Порыв ветра подхватывает его слова, швыряет на верхушки печально шелестящих елей; превратившись в глухой и почти сладострастный рокот, они плывут по лесу, и снова слышится, как там, внизу, где паводком залиты луга, клокочет вода и ломаются льдины. Потом снова воцаряется тишина, в которой только потрескивает лед, да в розовой закатной стороне кричат чибисы. Уже почти стемнело, и там и сям над сосновыми рощицами, где эти чибисы обитают, мерцают мелкие, но низкие и яркие звездочки.
– Стендаль… Руссо… – передразнивает кого-то Альбинас. – И чего ты вцепился в этого Руссо? Он демонстрирует свое нижнее белье, подумаешь, – какое открытие.
– То, что демонстрирует, это верно, но…
– Что – но?
Юозас молчит, смотрит под ноги на шишки.
– Так что же ты выбираешь? – после паузы снова напускается на него Альбинас. – Это, братец, вопрос принципиальный. Отвечай: добро или…

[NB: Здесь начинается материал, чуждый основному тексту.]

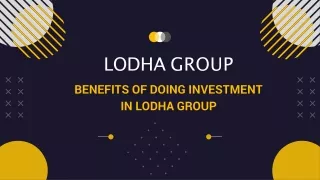 lodha group benefits of doing investment in lodha group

Юозас обиженно хмыкает: он, дескать, не понимает, как здесь можно сделать выбор, кроме того, большинство его поступков определяет не он, а какая-то другая, глубоко сидящая в нем сила, и вообще, что означает, что сулит такое деление людей на группы? Бессмысленную толкотню, противоборство, нежелание понять других, вникнуть в их поступки.
– Вот теперь ты передо мной как голенький, – говорит Альбинас. – Ты трус, ты пойдешь на всякие компромиссы, уступки, увертки, будешь лезть из кожи вон и оправдываться.

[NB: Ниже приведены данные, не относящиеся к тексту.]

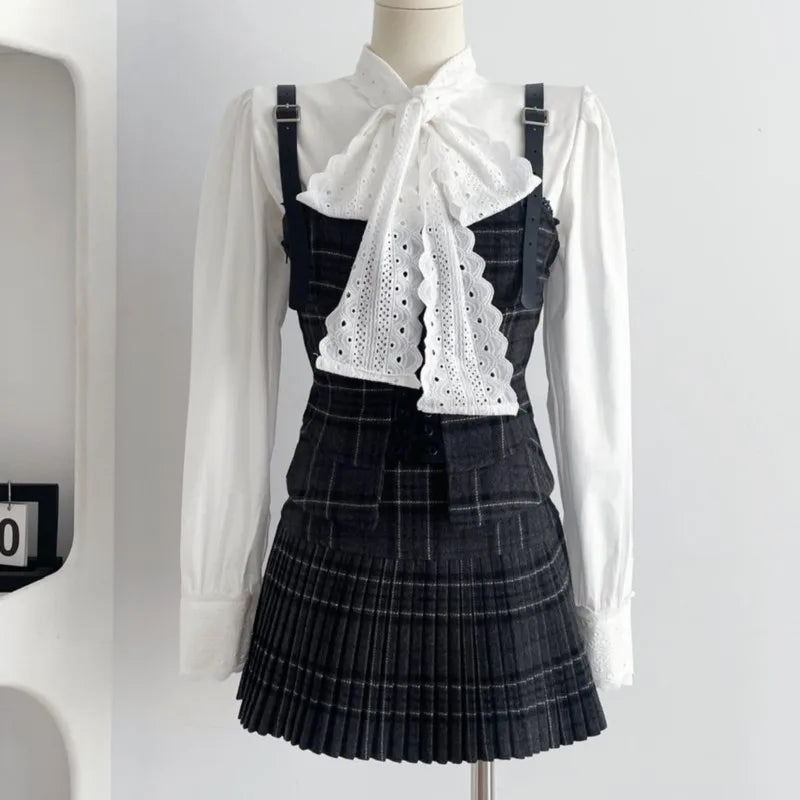 Autumn Korean Retro Sweet 3 Piece Set Women White Shirt + Strap Vest + Pleated Skirt Design College Style Fashion Y2k Suit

– Зачем из кожи вон лезть, ведь я уже голенький? – говорит Юозас.
– Ну чего ты дуешься, чего? Ты же сам предлагал: взять какую-нибудь одну мысль, тенденцию и попытаться ее развить до конца. Вот я ее и развил. Недоволен, а?

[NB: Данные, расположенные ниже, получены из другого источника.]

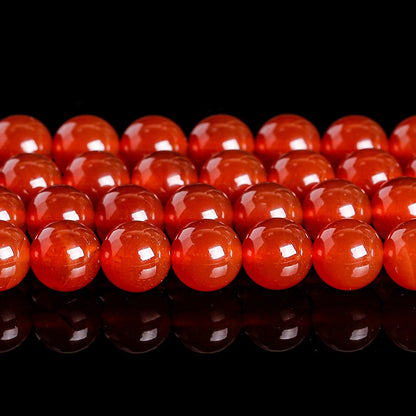 Grade 7 Natural Red Agate Round Beads, Smooth Loose Gemstone Beads for DIY Bracelet Necklace Making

– Это крайности, – защищается Юозас. – Стендаль и Руссо помогают мне искать… – он замолкает, косится на деревья: прямое, кривое, кривое, все кривые, по-своему согнутые, разветвленные.
– Что же они помогают тебе искать, что? – Альбинас впивается в Юозаса холодным изучающим, может, даже уже и презрительным взглядом. – Ну скажи, чего ты молчишь? Помогают искать золотую середину? Ведь так? А ты знаешь, что об этой середине говорят, знаешь? Так вот: тебе немного надо, только немножечко. И тебе, Римантас, тоже. Оба вы одним лыком шиты.
– Ну и что? – не поднимая на Альбинаса глаз, говорит Юозас. – Что тут плохого? Я и этой чуточки пока что не нахожу. – Он смотрит на хрупкий курослеп, потом переводит взгляд на дерево – не на березку ли, убежавшую далеко из лесу на самый край поля?
– Найдешь, не волнуйся. Оба вы найдете, – и Альбинас ретируется, уходит в сторону реки, размахивая полами своего светлого поношенного пальтишка. Римантас и Юозас, стоя рядом, провожают его глазами. Потом, как и подобает закадычным друзьям, почти заговорщически, болтая о чем-то и хлопая друг друга по плечу, отправляются вслед за Альбинасом. Вместе – и тепло, и надежно. Порывы ветра, перекатывающиеся по верхушкам сосен, еще больше их сближают.
– Если бы сейчас кто-нибудь встал бы нам поперек дороги, ну и надавали бы мы ему, а? Ох, надавали бы! – говорит Юозас.
– Я бы такого в клочья разорвал! – говорит Римантас и, внезапно обернувшись к Юозасу, спрашивает: как он, Юозас, считает, не пора ли проучить этого Малдонюкаса. И не просто проучить, а как следует, чтоб запомнил. Навеки запомнил. Чего он над ними все время издевается, кто мы для него?
– Э, – отмахивается Юозас, – он не измывается, он просто отроду такой. Пусть идет своей дорогой. Посмотрим.
– А тут и смотреть нечего, надо бы съездить по сопатке, и все. Сволочи, – говорит он и косится на избу Альбинаса, мимо которой они как раз идут: за окном, освещенным розоватым светом закопченной лампы, мелькает силуэт Альбинаса – Малдонюкас несет какую-то книгу, а сзади семенит его мать, то ли есть ему дает, то ли что-то говорит.
– Кушай, Альбинук, ты же голодненький, кушай, детка, – передразнивает писклявый голос Малдонене Римантас. – Детка моя, деточка, Альбинукас, цаца, ах, мой Альбинукас. А этот ее Альбинукас такие рога отрастит, что она сама не будет знать, куда от него бежать. Такому съездил по сопатке – и баста. Тогда ему будет ясно, что мы выбираем.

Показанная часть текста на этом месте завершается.